— TASK DIRECTIONS —
Return all lines from the listing below in which "Cotton" appears.

— INPUT MATERIAL —
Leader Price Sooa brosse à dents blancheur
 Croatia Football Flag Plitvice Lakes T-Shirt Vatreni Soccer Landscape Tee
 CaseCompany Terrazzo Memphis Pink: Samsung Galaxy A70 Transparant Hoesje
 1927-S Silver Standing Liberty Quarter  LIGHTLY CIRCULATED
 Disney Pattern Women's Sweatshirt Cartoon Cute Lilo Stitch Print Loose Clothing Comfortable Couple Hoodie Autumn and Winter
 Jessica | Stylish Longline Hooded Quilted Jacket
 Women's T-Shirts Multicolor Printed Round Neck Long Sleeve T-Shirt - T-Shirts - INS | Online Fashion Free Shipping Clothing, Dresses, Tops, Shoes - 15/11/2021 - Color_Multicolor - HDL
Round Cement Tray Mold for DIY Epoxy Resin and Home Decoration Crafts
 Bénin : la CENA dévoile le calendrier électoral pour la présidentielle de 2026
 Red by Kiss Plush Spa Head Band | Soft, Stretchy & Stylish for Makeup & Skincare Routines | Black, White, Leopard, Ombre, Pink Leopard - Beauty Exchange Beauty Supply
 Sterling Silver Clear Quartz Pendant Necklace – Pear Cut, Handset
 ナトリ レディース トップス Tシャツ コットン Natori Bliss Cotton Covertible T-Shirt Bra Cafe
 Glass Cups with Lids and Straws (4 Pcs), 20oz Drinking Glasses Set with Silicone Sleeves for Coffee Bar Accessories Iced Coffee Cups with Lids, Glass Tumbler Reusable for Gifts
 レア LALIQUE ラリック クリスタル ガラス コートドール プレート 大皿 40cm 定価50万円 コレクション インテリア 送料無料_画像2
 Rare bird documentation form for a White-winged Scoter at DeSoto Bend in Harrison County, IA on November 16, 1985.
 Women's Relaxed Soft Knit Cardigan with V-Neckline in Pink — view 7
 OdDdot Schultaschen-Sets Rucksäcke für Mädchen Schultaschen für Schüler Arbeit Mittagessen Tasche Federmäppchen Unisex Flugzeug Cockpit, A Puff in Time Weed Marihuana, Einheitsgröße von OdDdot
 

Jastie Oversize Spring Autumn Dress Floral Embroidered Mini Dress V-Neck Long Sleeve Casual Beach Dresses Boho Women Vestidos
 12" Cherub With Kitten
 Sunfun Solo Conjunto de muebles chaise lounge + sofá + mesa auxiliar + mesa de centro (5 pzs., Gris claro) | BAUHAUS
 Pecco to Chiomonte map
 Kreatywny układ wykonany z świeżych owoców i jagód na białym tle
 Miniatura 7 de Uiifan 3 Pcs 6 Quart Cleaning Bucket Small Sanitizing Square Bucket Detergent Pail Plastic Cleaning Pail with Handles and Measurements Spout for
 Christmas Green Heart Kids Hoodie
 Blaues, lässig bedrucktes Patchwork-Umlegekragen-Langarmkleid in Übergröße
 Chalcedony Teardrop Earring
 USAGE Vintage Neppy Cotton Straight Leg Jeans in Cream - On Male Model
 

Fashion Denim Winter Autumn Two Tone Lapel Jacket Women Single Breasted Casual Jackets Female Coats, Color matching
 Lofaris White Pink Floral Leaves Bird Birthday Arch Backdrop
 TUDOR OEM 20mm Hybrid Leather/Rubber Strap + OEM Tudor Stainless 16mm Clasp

— YOUR RESPONSE —
 ナトリ レディース トップス Tシャツ コットン Natori Bliss Cotton Covertible T-Shirt Bra Cafe
 USAGE Vintage Neppy Cotton Straight Leg Jeans in Cream - On Male Model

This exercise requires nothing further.